==== Records for this task

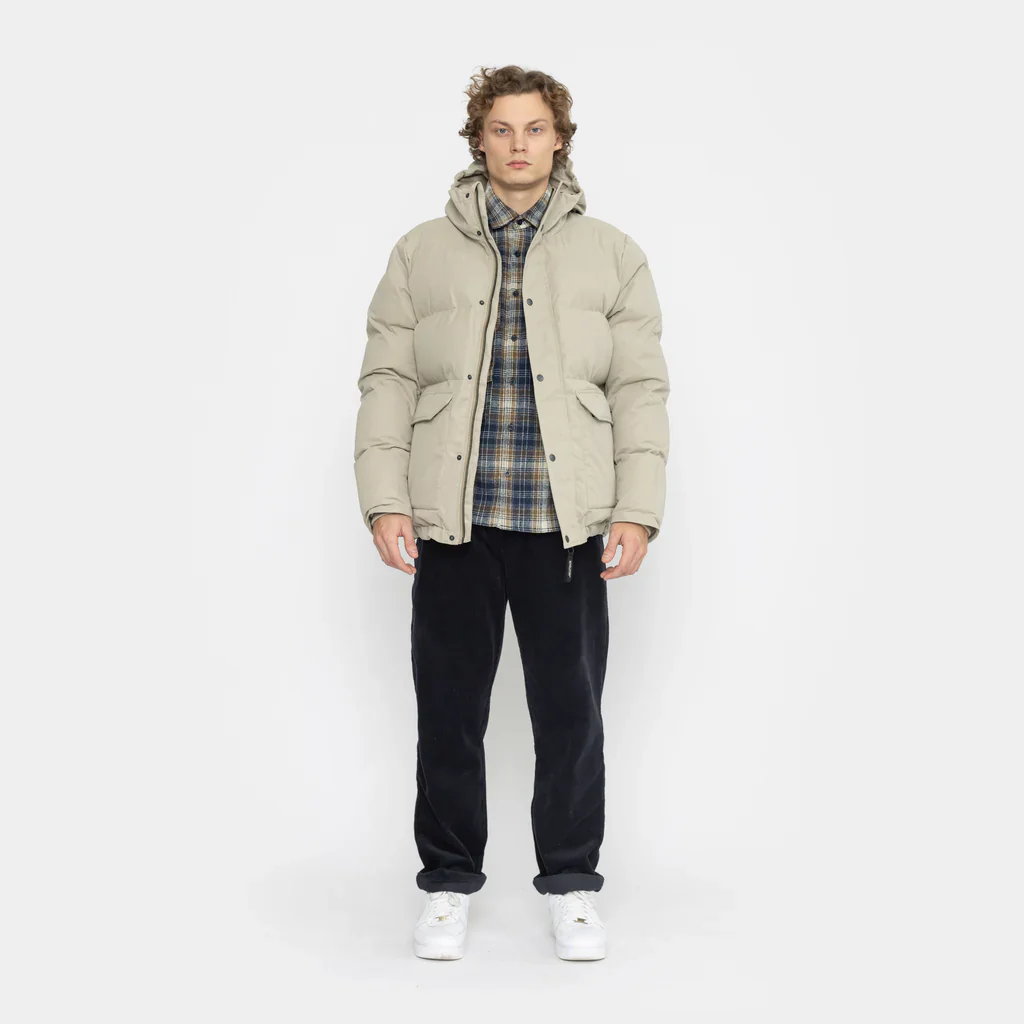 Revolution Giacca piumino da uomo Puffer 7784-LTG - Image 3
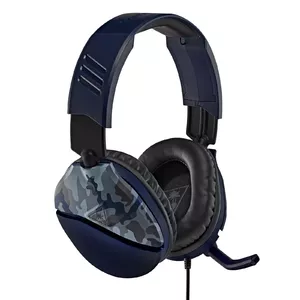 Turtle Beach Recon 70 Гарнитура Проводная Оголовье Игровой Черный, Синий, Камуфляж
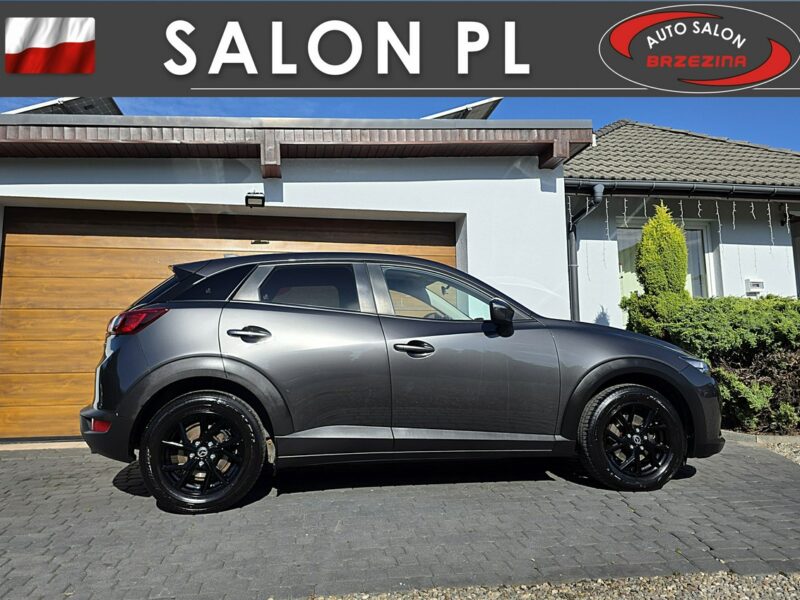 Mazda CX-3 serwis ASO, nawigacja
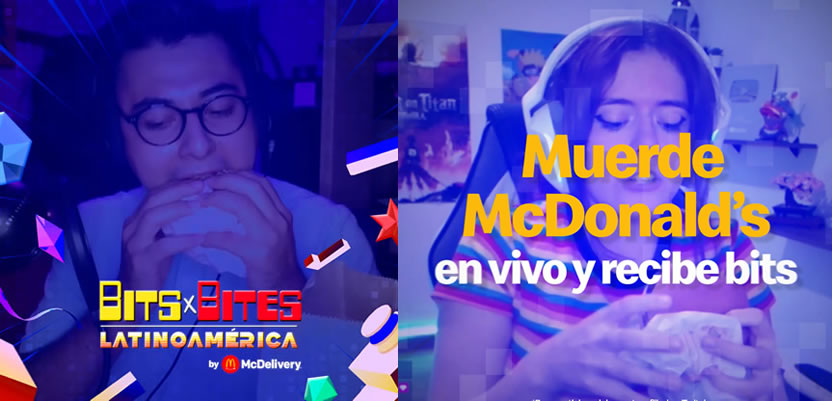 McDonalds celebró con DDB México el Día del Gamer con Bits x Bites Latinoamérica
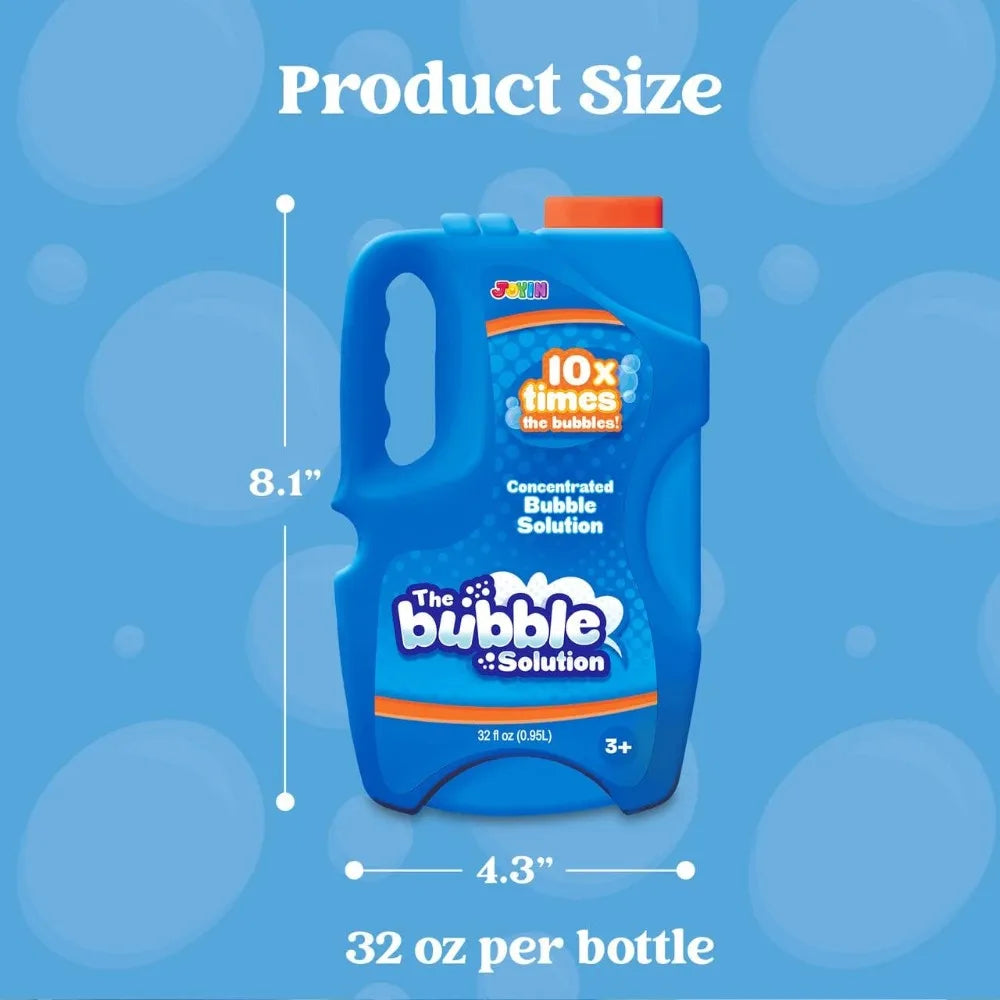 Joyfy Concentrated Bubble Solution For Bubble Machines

========

Work item: Nothing but the lines from the one holding "Mazda CX-3 serwis ASO, nawigacja" through the last line of the entries should be written out, exactly and inclusively, minus the pictures.

Your solution:
 Mazda CX-3 serwis ASO, nawigacja
 McDonalds celebró con DDB México el Día del Gamer con Bits x Bites Latinoamérica
 Joyfy Concentrated Bubble Solution For Bubble Machines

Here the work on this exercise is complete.